Second, the expansive Russian claim on the Sea of Okhotsk will only further embolden China to make claims in the oil-rich South China Sea, claims that are already sparking conflict between Beijing, on the one hand, and Tokyo and Washington, on the other. China will certainly invoke the Okhotsk decision in order to secure its own Law of the Sea (LOS) sanctions.

Third, Putin’s announcement that Russia will close the Sea of Okhotsk raises the stakes over Moscow’s even more expansive claims in the Arctic Ocean. Moscow argues much of the Arctic seabed is part of Russia’s continental shelf, including regions hundreds of miles from the shoreline of the Russian Federation, and thus should be recognized as a Russian exclusion zone (RIA Novosti, April 29). Putin’s comments on Moscow’s plans for the Sea of Okhotsk suggest that the Kremlin leader would be prepared to do just that.
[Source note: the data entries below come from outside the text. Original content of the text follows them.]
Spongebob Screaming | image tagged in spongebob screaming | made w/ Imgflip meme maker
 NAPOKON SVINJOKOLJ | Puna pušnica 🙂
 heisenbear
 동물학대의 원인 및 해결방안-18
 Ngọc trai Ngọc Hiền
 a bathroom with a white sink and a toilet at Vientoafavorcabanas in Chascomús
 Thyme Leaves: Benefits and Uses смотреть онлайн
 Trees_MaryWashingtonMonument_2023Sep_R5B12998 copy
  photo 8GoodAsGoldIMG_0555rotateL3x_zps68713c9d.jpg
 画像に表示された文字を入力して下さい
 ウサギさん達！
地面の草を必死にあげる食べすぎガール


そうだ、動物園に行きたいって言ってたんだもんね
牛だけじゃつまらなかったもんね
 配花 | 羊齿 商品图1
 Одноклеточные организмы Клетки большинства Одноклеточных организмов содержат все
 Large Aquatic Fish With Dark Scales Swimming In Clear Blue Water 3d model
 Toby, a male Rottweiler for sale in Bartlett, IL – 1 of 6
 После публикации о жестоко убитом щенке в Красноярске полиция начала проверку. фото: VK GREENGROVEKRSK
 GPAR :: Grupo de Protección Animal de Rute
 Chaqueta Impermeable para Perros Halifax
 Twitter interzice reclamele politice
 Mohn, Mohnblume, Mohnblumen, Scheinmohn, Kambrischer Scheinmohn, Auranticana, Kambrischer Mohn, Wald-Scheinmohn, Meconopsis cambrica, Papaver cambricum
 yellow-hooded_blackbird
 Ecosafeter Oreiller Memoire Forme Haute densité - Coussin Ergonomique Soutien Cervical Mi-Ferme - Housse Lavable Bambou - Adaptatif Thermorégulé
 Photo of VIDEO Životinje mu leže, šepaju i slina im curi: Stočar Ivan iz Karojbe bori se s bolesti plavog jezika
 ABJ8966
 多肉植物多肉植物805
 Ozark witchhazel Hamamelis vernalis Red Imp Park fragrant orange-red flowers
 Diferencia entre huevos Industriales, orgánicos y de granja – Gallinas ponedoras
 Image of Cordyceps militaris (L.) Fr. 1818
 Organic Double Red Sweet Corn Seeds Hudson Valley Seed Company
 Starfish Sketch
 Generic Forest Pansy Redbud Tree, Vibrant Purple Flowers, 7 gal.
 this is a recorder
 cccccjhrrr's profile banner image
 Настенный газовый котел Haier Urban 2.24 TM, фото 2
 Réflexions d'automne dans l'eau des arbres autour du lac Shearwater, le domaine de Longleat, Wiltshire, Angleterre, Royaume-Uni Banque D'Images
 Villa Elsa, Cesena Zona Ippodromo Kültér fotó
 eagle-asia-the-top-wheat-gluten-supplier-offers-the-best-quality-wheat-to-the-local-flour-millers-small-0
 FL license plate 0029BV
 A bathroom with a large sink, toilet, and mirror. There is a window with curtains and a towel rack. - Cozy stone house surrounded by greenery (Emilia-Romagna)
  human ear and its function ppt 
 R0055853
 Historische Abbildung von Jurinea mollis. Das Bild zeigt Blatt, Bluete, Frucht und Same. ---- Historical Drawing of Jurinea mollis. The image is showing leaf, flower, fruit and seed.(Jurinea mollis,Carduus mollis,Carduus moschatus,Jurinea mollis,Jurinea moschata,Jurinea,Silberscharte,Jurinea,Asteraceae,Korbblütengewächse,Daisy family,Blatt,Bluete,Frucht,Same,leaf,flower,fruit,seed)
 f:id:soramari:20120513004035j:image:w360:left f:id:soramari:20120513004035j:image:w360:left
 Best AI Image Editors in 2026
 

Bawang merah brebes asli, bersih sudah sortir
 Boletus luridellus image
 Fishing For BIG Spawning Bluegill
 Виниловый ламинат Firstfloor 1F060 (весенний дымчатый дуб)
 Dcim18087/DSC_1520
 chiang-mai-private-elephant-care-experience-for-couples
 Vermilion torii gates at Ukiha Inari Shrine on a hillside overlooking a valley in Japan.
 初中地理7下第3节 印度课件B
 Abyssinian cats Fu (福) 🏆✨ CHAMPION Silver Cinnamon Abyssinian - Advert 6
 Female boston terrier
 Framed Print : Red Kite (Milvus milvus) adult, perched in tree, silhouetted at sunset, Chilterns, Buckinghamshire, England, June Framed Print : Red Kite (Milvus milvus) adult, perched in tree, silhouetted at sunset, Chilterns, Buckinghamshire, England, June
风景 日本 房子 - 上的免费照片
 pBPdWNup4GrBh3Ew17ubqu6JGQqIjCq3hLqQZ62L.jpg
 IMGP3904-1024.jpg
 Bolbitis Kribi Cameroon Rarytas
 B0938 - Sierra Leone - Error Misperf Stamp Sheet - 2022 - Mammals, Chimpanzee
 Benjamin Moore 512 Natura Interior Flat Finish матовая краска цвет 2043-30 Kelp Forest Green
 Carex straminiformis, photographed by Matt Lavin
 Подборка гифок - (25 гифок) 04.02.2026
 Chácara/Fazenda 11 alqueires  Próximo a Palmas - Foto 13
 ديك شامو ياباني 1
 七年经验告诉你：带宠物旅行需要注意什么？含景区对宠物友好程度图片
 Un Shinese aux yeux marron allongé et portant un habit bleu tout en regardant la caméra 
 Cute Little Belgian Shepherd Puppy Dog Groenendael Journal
Given global warming, which is opening up the High Arctic to transit and exploration, the near certainty that the seabed there contains significant deposits of oil, gas and other minerals, as well as rapidly improving technology for extracting this natural wealth, such a Russian move would trigger new conflicts between Russia and the other Arctic powers, potentially including the United States, Canada, Denmark, Norway, and even China—which sees itself as a member of that group even though it has no Arctic coastline.

The likelihood of that was only increased by Putin’s comments at the time of his announcement of the Okhotsk decision. He said that Russian exploration for and exploitation of wealth below the surface of the Arctic Sea must be “reliably defended from terrorists and other potential threats” and that the country’s security agencies, including the Ministry of Defense and the Federal Security Service (FSB), among others, must develop a joint program to that end. Putin specifically called for the creation of “a single system of basing of [Russian] submarines and surface ships” there to do the job (kremlin.ru, April 22).

Fourth, Putin’s plans to give military content to Russia’s claims over enormous areas of adjoining oceans not only sets the stage for conflicts with other powers now but will require Moscow to dramatically increase its naval ship-building effort. Given the length of time between the design of a ship, the laying of the keel, and launch, the Sea of Okhotsk comments are an indication of just how far-reaching Putin’s plans now are—even more aggressive and expansionist than many analysts currently focused on Ukraine have thought.

And fifth—and of particular importance for the US—the Sea of Okhotsk decision calls attention to Moscow’s clever use of those international institutions where it has advantages in some cases because the US is not present: While more than 160 countries have signed and ratified the LOS convention, the US has not. As a result, Washington did not have a seat at the table on this decision and could not block or even modify it. The US is now beginning to pay a heavy price for that.